• [Work to complete]
From the first line to the last, set down the data exactly as given.

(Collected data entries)
== Segment start ==
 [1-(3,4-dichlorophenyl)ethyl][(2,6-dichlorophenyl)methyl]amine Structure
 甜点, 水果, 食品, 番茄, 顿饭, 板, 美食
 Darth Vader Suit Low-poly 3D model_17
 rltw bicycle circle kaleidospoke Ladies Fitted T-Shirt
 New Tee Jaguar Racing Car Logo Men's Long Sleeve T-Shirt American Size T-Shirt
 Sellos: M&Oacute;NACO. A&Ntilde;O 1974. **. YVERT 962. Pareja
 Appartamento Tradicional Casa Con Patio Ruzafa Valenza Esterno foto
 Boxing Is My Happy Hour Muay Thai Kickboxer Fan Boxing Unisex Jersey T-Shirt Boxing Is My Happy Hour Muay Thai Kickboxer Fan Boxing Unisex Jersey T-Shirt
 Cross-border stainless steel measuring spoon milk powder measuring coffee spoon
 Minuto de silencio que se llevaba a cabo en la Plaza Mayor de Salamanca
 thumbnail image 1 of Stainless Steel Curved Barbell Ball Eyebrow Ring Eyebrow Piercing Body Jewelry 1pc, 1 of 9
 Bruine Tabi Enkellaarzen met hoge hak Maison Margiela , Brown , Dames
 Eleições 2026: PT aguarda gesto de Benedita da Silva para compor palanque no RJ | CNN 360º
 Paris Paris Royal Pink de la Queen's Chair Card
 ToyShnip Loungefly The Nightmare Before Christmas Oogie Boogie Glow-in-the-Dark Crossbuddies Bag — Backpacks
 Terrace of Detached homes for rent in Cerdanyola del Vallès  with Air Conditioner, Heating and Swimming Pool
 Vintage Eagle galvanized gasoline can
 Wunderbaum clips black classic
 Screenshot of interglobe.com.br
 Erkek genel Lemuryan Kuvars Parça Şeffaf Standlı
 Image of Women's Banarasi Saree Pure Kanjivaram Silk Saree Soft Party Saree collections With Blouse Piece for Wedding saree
== Segment end ==
• [Output below]
 [1-(3,4-dichlorophenyl)ethyl][(2,6-dichlorophenyl)methyl]amine Structure
 甜点, 水果, 食品, 番茄, 顿饭, 板, 美食
 Darth Vader Suit Low-poly 3D model_17
 rltw bicycle circle kaleidospoke Ladies Fitted T-Shirt
 New Tee Jaguar Racing Car Logo Men's Long Sleeve T-Shirt American Size T-Shirt
 Sellos: M&Oacute;NACO. A&Ntilde;O 1974. **. YVERT 962. Pareja
 Appartamento Tradicional Casa Con Patio Ruzafa Valenza Esterno foto
 Boxing Is My Happy Hour Muay Thai Kickboxer Fan Boxing Unisex Jersey T-Shirt Boxing Is My Happy Hour Muay Thai Kickboxer Fan Boxing Unisex Jersey T-Shirt
 Cross-border stainless steel measuring spoon milk powder measuring coffee spoon
 Minuto de silencio que se llevaba a cabo en la Plaza Mayor de Salamanca
 thumbnail image 1 of Stainless Steel Curved Barbell Ball Eyebrow Ring Eyebrow Piercing Body Jewelry 1pc, 1 of 9
 Bruine Tabi Enkellaarzen met hoge hak Maison Margiela , Brown , Dames
 Eleições 2026: PT aguarda gesto de Benedita da Silva para compor palanque no RJ | CNN 360º
 Paris Paris Royal Pink de la Queen's Chair Card
 ToyShnip Loungefly The Nightmare Before Christmas Oogie Boogie Glow-in-the-Dark Crossbuddies Bag — Backpacks
 Terrace of Detached homes for rent in Cerdanyola del Vallès  with Air Conditioner, Heating and Swimming Pool
 Vintage Eagle galvanized gasoline can
 Wunderbaum clips black classic
 Screenshot of interglobe.com.br
 Erkek genel Lemuryan Kuvars Parça Şeffaf Standlı
 Image of Women's Banarasi Saree Pure Kanjivaram Silk Saree Soft Party Saree collections With Blouse Piece for Wedding saree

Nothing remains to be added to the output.